> EXERCISE INSTRUCTIONS:
Pictures are not part of the copy; reproduce the remaining data exactly.

[GIVEN RECORDS Boundary: Start]

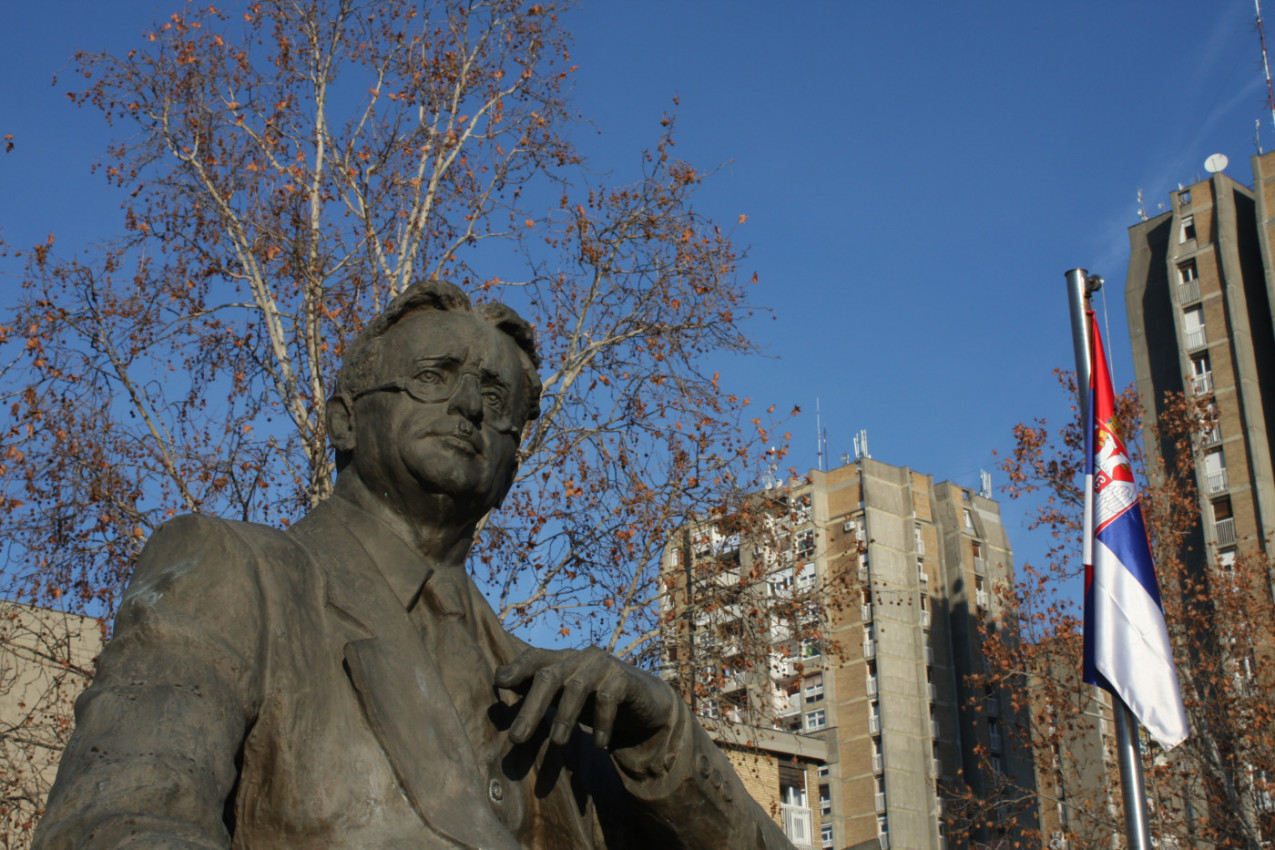 Republika Azerbejdžan u Srbiji obeležava 140. godišnjicu rođenja Uzeira Hadžibejlija, osnivača azerbejdžanske klasične muzike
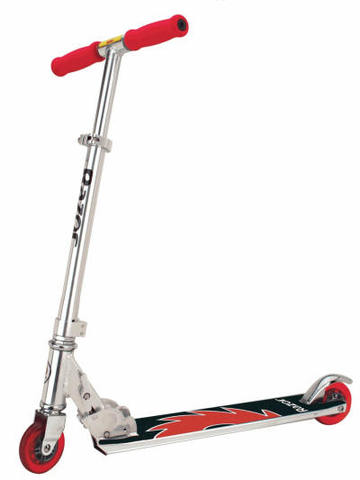 scooters were invented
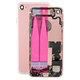 Apple iPhone 7 - Carcasă Spate cu Piese Mici (Rose Gold)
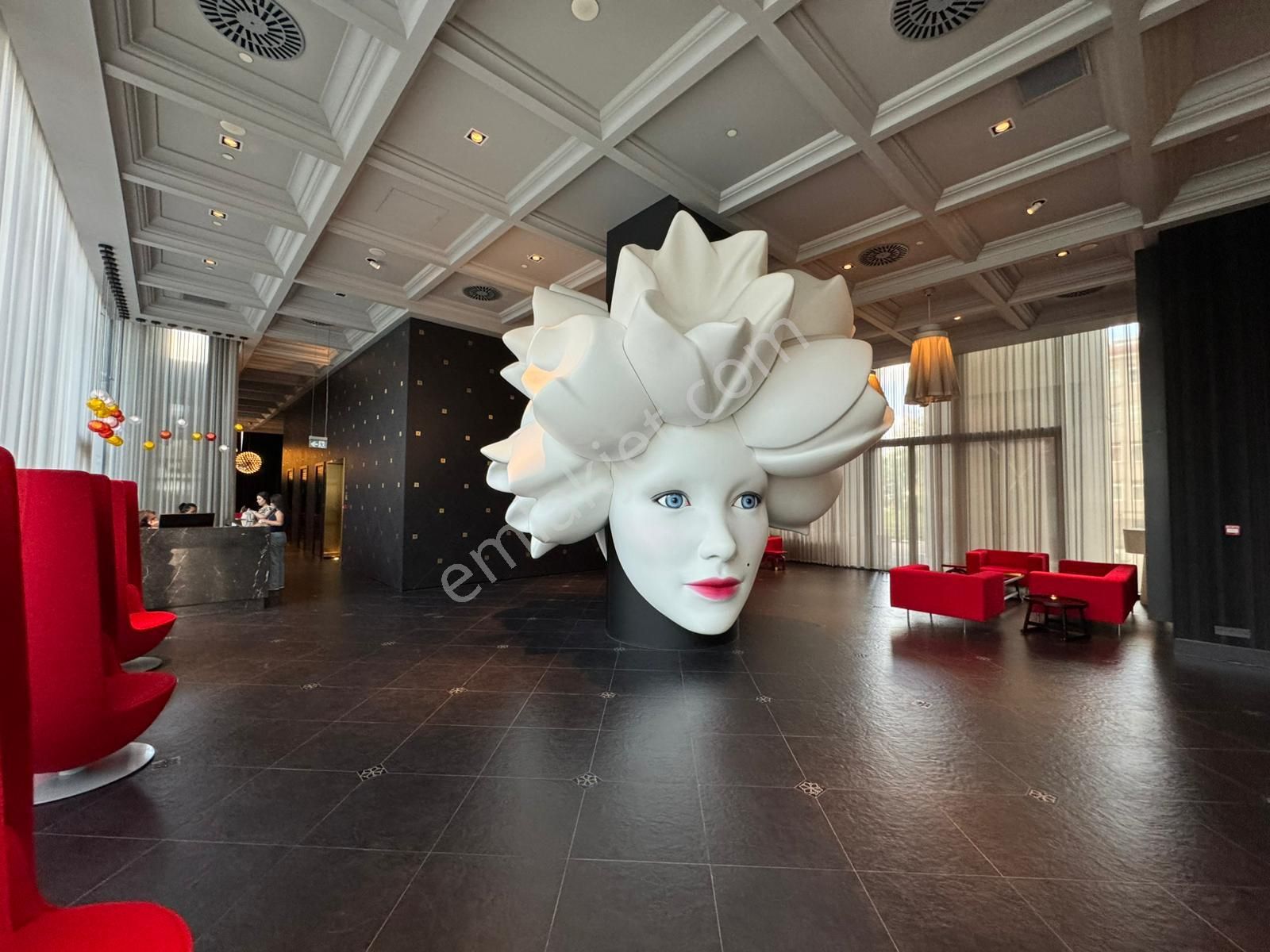 Quasar İstanbul'da Taşınmaya Hazır Kiralık Ofis - Görsel 15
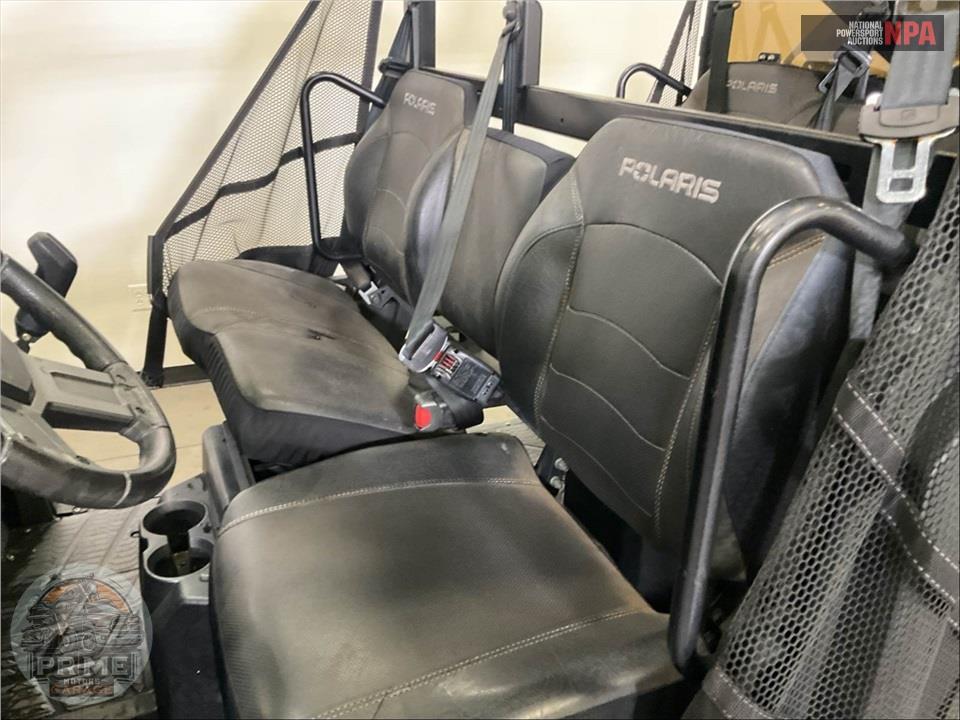 2023 Polaris RANGER CREW XP 1000 PREMIUM — фото 12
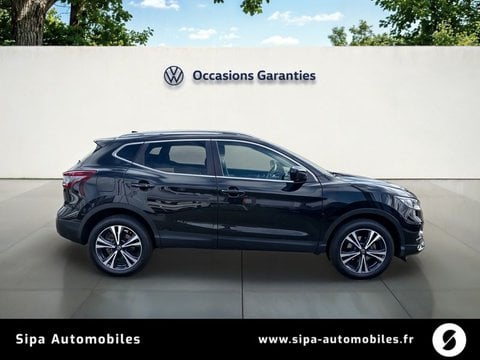 Voitures D'occasion À Lescar | Nissan Qashqai 1.3 Dig-T 140 N-Connecta 5P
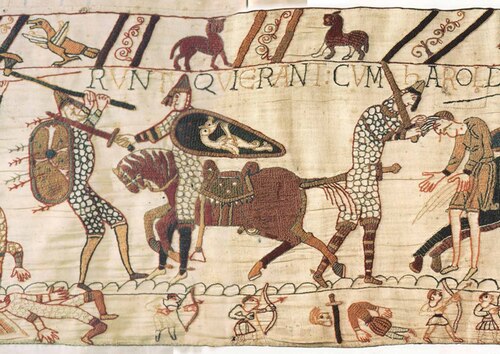 1066-2016 : 950e anniversaire de la bataille de Hastings (suite)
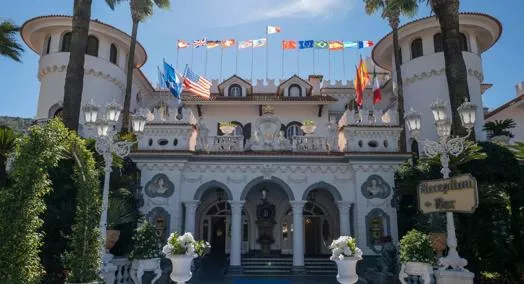 La confisca del Castello La Sonrisa: Fine di un’icona televisiva 20240216 164645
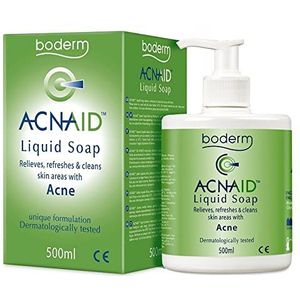 Logofarma Acnaid Ce Vloeibare Zeep 500 ml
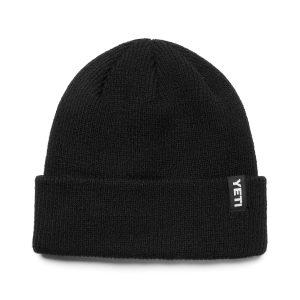 YETI? Logo Badge Beanie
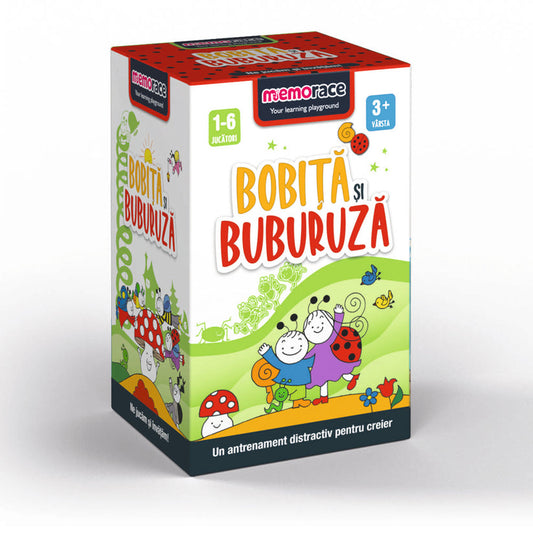 Bobiita si Buburuza, Memorace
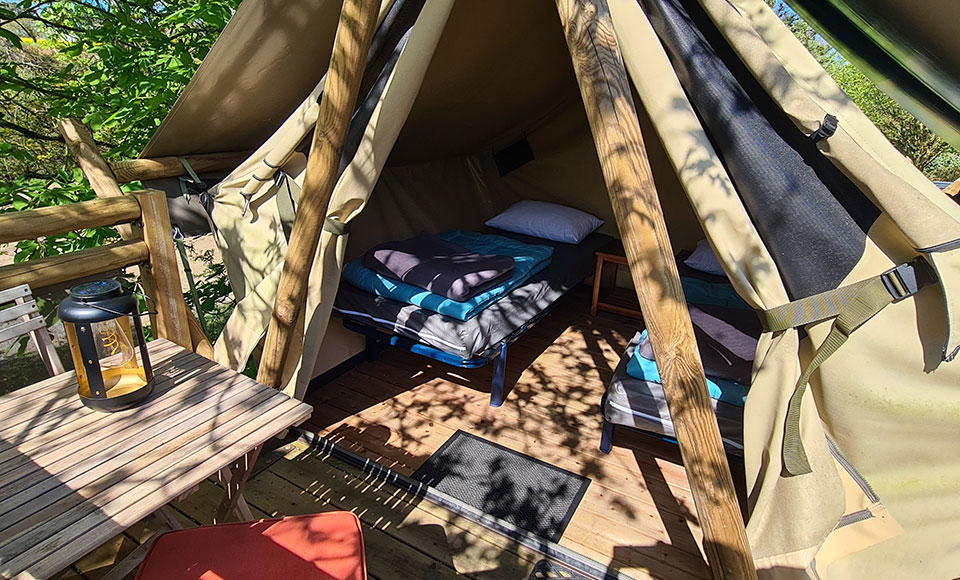 Camping Pors Péron photo 2
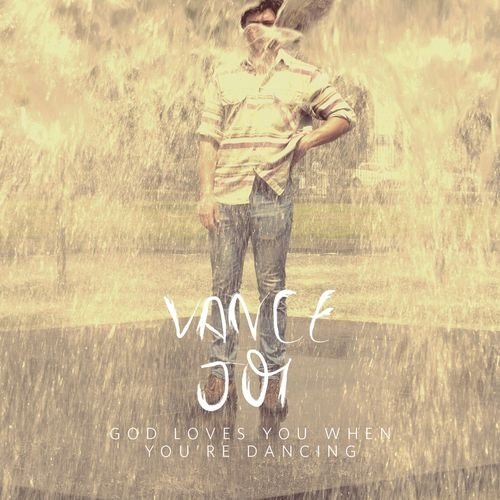Cover for Vance Joy · God Loves You When You're Dancing (LP) (2019)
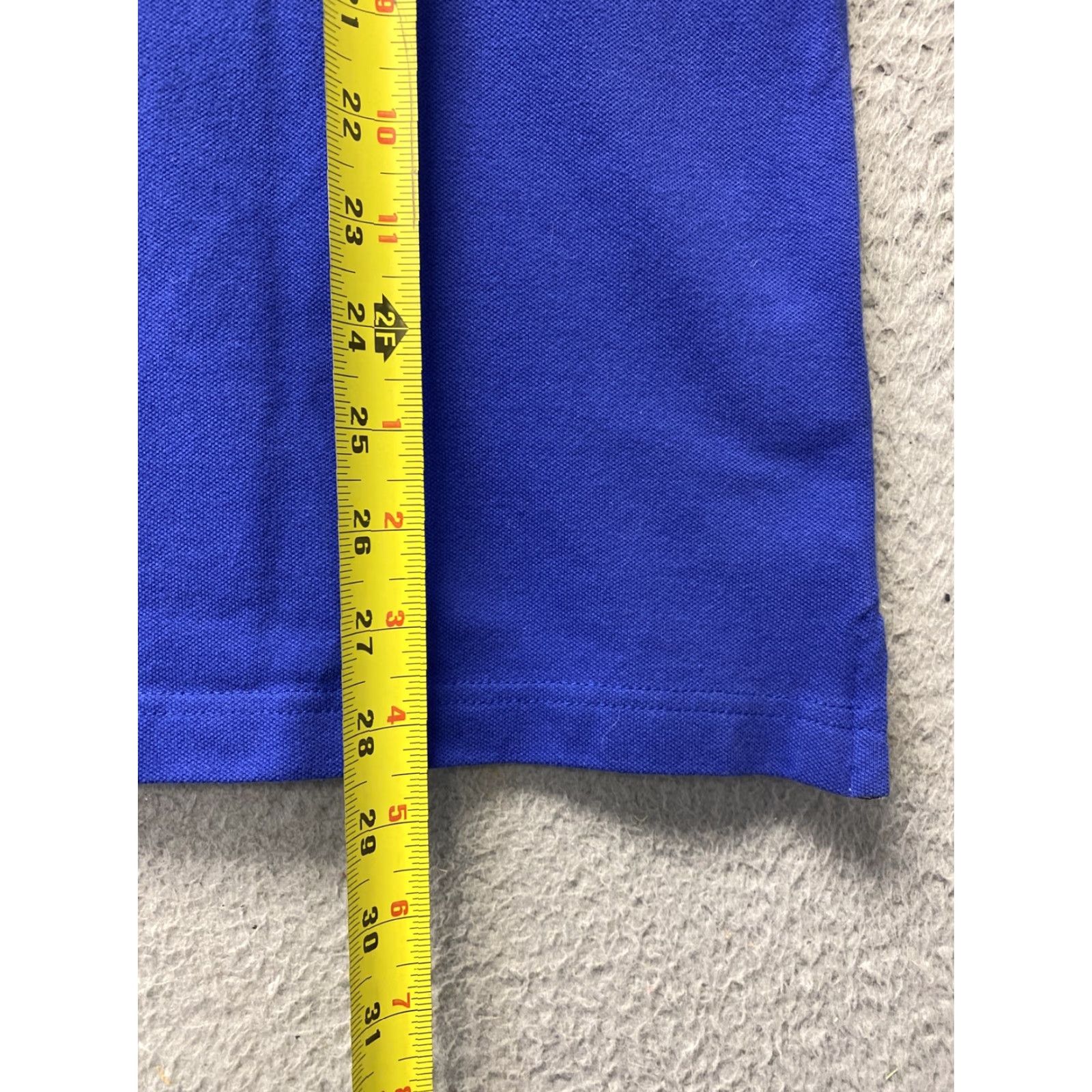 Benetton Benetton Formula 1 Polo Shirt Large Blue Classic Mens Size US L / EU 52-54 / 3 - 7 Thumbnail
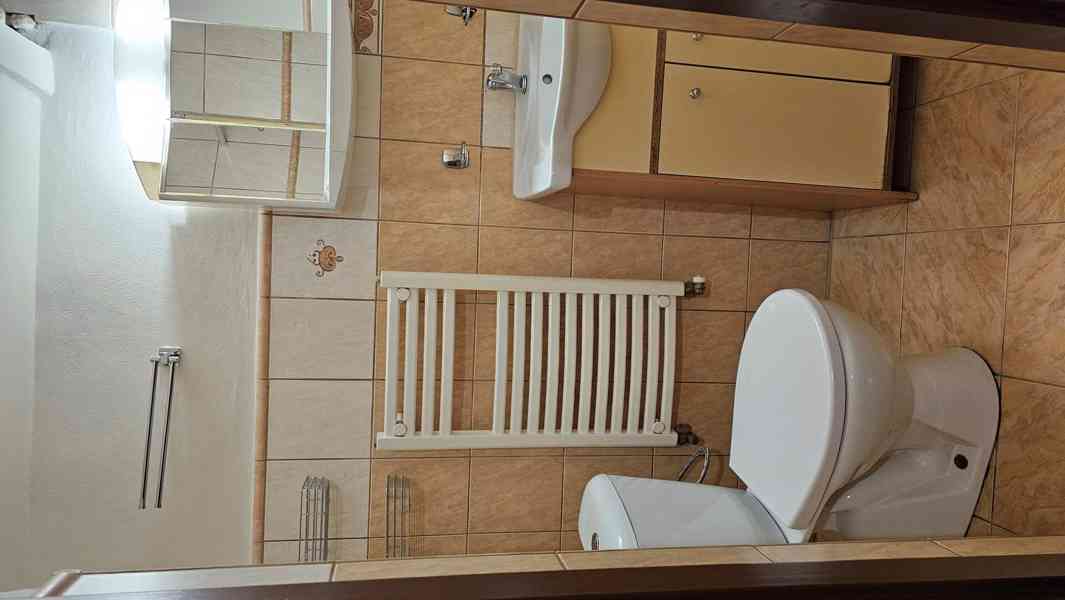 Pronájem bytu 1 + 1, 37 m2, přízemí, v centru Pardubic - foto 9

[GIVEN RECORDS Boundary: End]

> TASK OUTPUT:
 Republika Azerbejdžan u Srbiji obeležava 140. godišnjicu rođenja Uzeira Hadžibejlija, osnivača azerbejdžanske klasične muzike
 scooters were invented
 Apple iPhone 7 - Carcasă Spate cu Piese Mici (Rose Gold)
 Quasar İstanbul'da Taşınmaya Hazır Kiralık Ofis - Görsel 15
 2023 Polaris RANGER CREW XP 1000 PREMIUM — фото 12
 Voitures D'occasion À Lescar | Nissan Qashqai 1.3 Dig-T 140 N-Connecta 5P
 1066-2016 : 950e anniversaire de la bataille de Hastings (suite)
 La confisca del Castello La Sonrisa: Fine di un’icona televisiva 20240216 164645
 Logofarma Acnaid Ce Vloeibare Zeep 500 ml
 YETI? Logo Badge Beanie
 Bobiita si Buburuza, Memorace
 Camping Pors Péron photo 2
Cover for Vance Joy · God Loves You When You're Dancing (LP) (2019)
 Benetton Benetton Formula 1 Polo Shirt Large Blue Classic Mens Size US L / EU 52-54 / 3 - 7 Thumbnail
 Pronájem bytu 1 + 1, 37 m2, přízemí, v centru Pardubic - foto 9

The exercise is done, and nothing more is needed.